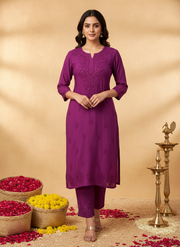 Sona Chanderi Chikankari Kurti Set - The Lucknowi Chikan 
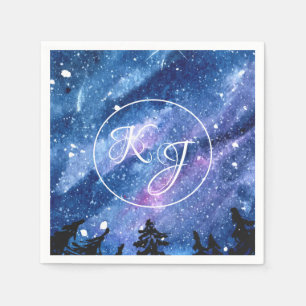 Watercolor Starry Night Sky Serviette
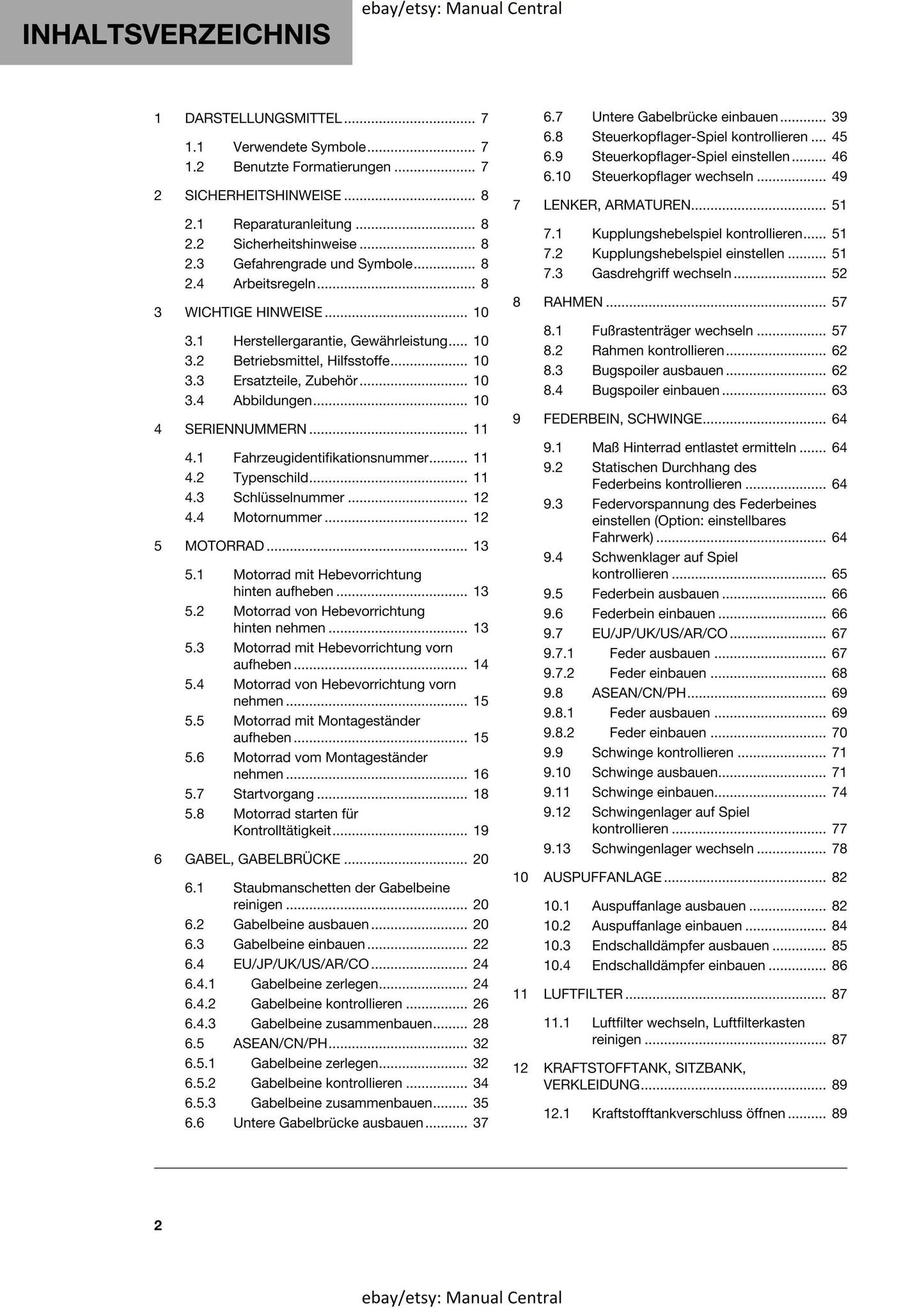 German Language - Husqvarna 2023 - Svartpilen 401 - Reparaturanleitung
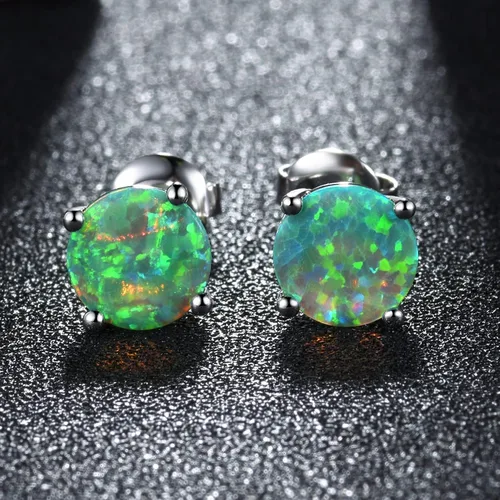 Vista 4 de CERSLIMO - Aretes de ópalo multicolor para mujer, 8mm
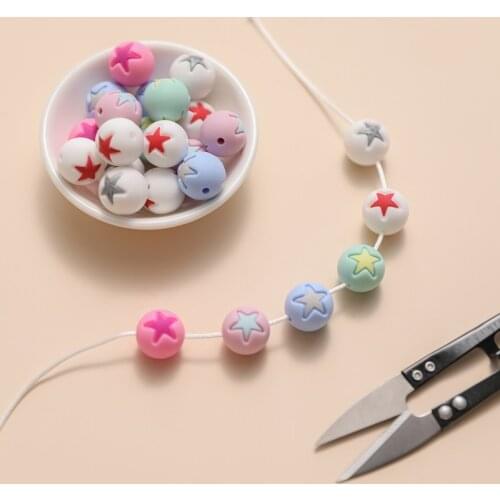10pcs Silicone Beads 15mm Baby Teether BPA Free Pentagonal Printing Food Grade Silicone Baby Teether Necklace DIY Mixed Color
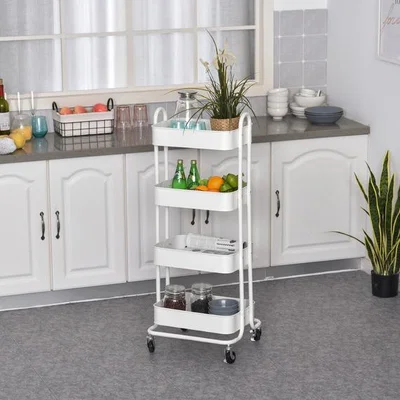 The Range 4 Tier Mobile Storage Serving Trolly  - White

What you should do = Restate the data word for word from its first line through the line with "Vista 4 de CERSLIMO", leaving out any picture along the way.

Result =
 Sona Chanderi Chikankari Kurti Set - The Lucknowi Chikan 
 Watercolor Starry Night Sky Serviette
 German Language - Husqvarna 2023 - Svartpilen 401 - Reparaturanleitung
 Vista 4 de CERSLIMO - Aretes de ópalo multicolor para mujer, 8mm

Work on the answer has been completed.